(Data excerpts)
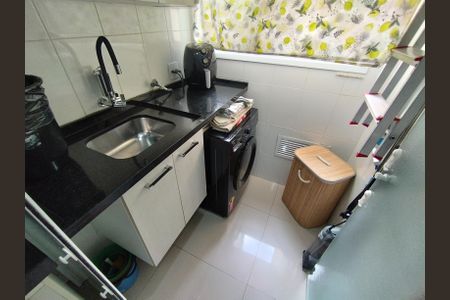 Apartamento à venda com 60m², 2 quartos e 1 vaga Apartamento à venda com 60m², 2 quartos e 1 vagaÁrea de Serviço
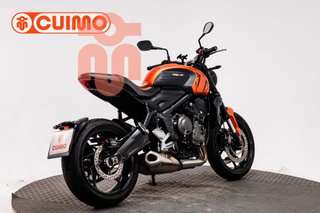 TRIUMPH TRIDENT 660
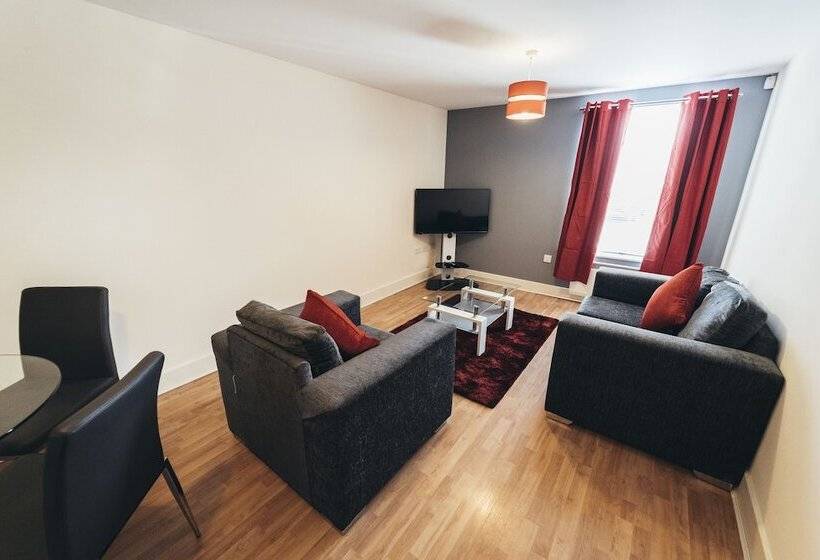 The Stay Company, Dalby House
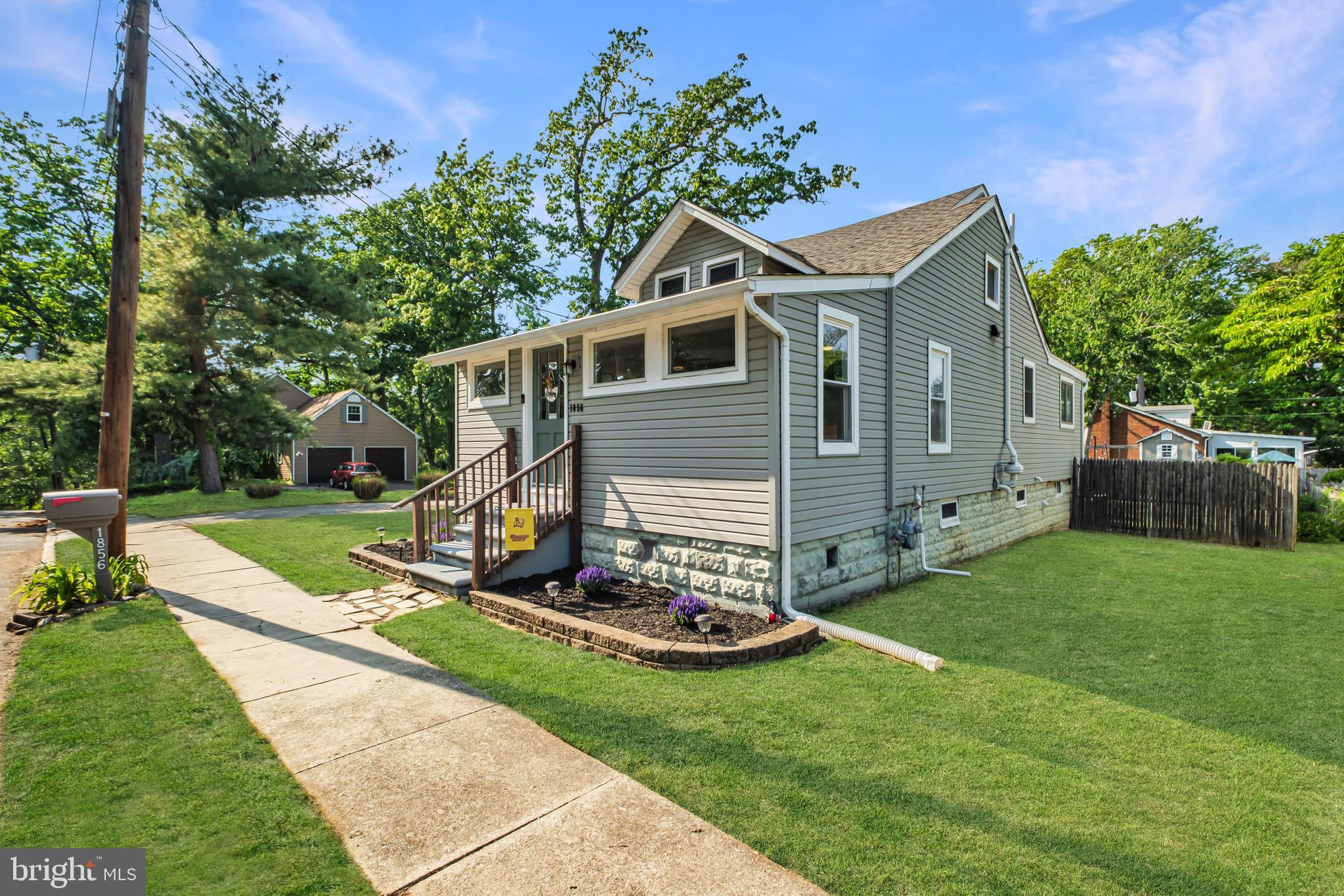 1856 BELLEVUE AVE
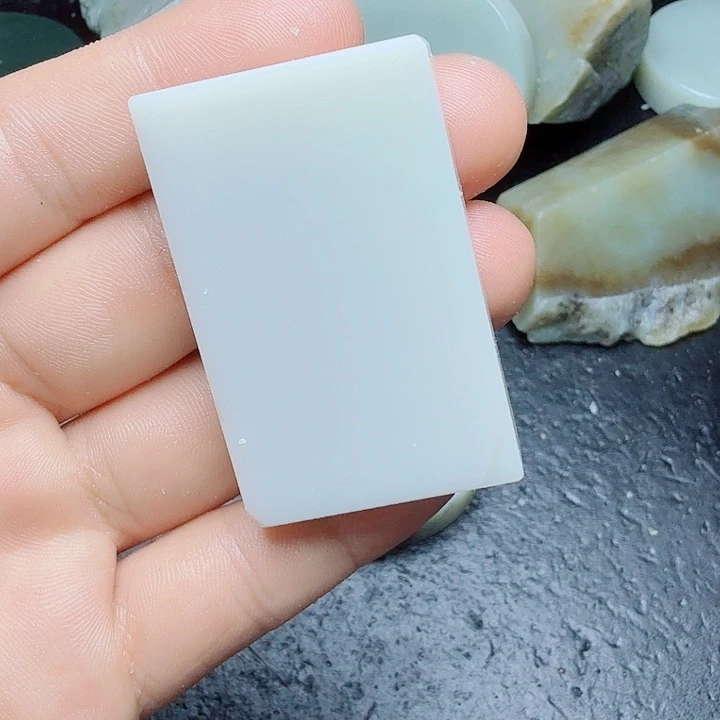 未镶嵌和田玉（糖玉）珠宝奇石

● INSTRUCTIONS TO FOLLOW:
All entries are to be duplicated exactly, with the pictures left out.

● COMPLETED TASK:
 Apartamento à venda com 60m², 2 quartos e 1 vaga Apartamento à venda com 60m², 2 quartos e 1 vagaÁrea de Serviço
 TRIUMPH TRIDENT 660
 The Stay Company, Dalby House
 1856 BELLEVUE AVE
 未镶嵌和田玉（糖玉）珠宝奇石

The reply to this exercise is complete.